The most visible of all voters were the 12 presidential candidates, including the Socialist Ségolène Royal, who cast her ballot in the small town of Melle in her political heartland in western France.
“The French people know the importance of this vote," she told reporters. "I share their feeling that this is a very important day."
With no candidate expected to achieve an overall majority in today's first round, it will come down to a second round of voting on May 6 between the two frontrunners.
Hopes that Francois Bayrou, the centrist "wild card", could snare a place in the run-offs were hit by late opinion polls showing his support crumbling and Ms Royal gaining ground on Mr Sarkozy, the hardline former interior minister.
A CSA poll, which was not published in France because of a black-out before today's ballot, put Ms Royal on 26 per cent, only a point behind Mr Sarkozy.
Jean-Marie Le Pen, the leader of the far-right National Front who set off shockwaves around the world when he grabbed a place in the run-offs at the last presidential election in 2002, was said to be lying third on 17 per cent, a point ahead of Mr Bayrou.
Perhaps the most significant figure thrown up by the poll was the fact that almost four in ten voters were still undecided after a campaign in which none of the major candidates are thought to have distinguished themselves and in which policy has played second fiddle to personality.
Mr Sarkozy, an abrasive character who is accused by his critics of being overly authoritarian, underwent a public split from his wife in 2005 when she left him for a New York advertising executive, complaining that he treated her like "a piece of furniture".
The two reconciled early last year, but Cecilia, the daughter of a Russian pianist, has been all but invisible in recent weeks, prompting speculation - fuelled last week by Mr Le Pen - that their relationship is in trouble.
Today's joint appearance seemed designed to quash that speculation and Mr Sarkozy was all smiles as he and his family arrived on foot at the Neuilly polling station.
“What is very important is that the French come to vote in large numbers,” he told reporters in Neuilly, a suburb of Paris.
By midday 31 per cent of the country's 44.5 million registered voters had turned out, far more than in 2002 - and some said that Mr Le Pen's first-round success last time had shaken them out of their apathy.
“I want it to be a Sarkozy-Segolene run off,” Laurence Rouquette, a 40-year-old antiques dealer, said after voting in a sunny Paris suburb. “Usually I vote for the smaller candidates but this time I voted for one of the main ones.”
Mr Sarkozy, the son of a Hungarian immigrant, has pushed a right-wing programme based on the themes of work and national identity and is seen as the most business-friendly of the candidates.
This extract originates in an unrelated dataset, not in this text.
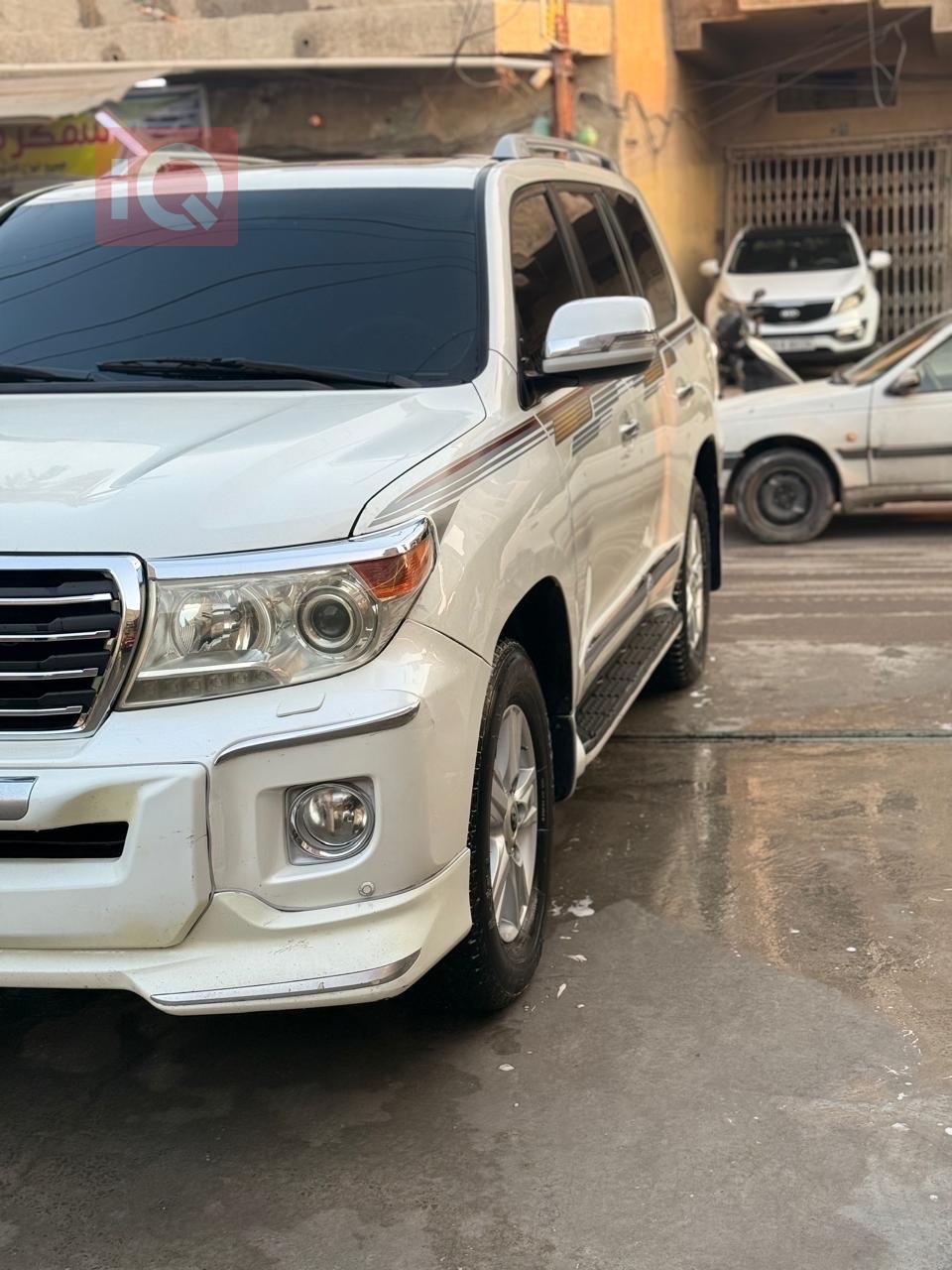 تويوتا لاندكروزر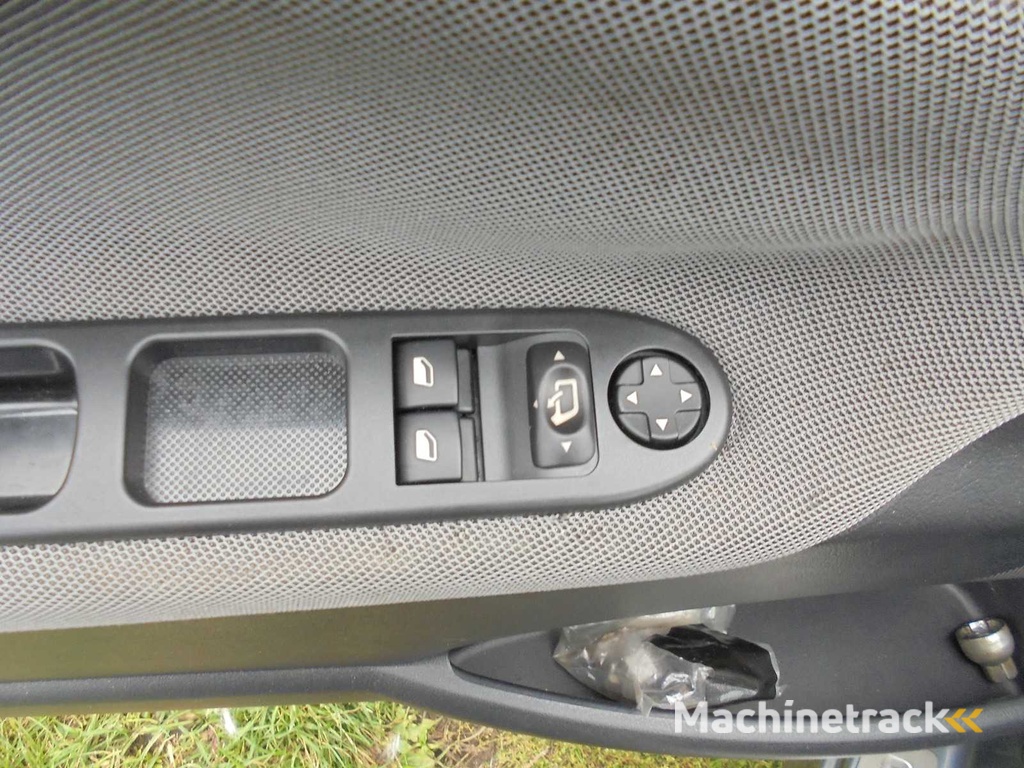 Peugeot - 2007 - 207 CC - 1.6 VTi - 45-XS-RD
But his tough talk sparked fears he would divide rather than unite the nation.
Ms Royal, an army officer’s daughter with an almost permanent smile, has presented herself as a nurturing mother figure and has proposed a leftist economic programme that would keep France’s generous welfare system intact. Meanwhile, Mr Bayrou, a former Latin teacher, wants to end the left-right political divide by forming a national unity government.
All three mainstream candidates come from a new generation of politicians - all are in their fifties - and all claim to represent a break from a discredited past.
Whoever ends up winning the presidency in two weeks' time will also have to deal with a huge public debt, stubbornly high unemployment and seething discontent in immigrant suburbs which erupted into widespread rioting two years ago. He or she will also need to soothe French angst about factories closing and jobs relocating to China or India.
Also running in the election are three Trotskyites, a Communist, a Green and Jose Bove, a well-known anti-globalisation campaigner. They are joined by a Catholic nationalist and a campaigner for hunters' rights.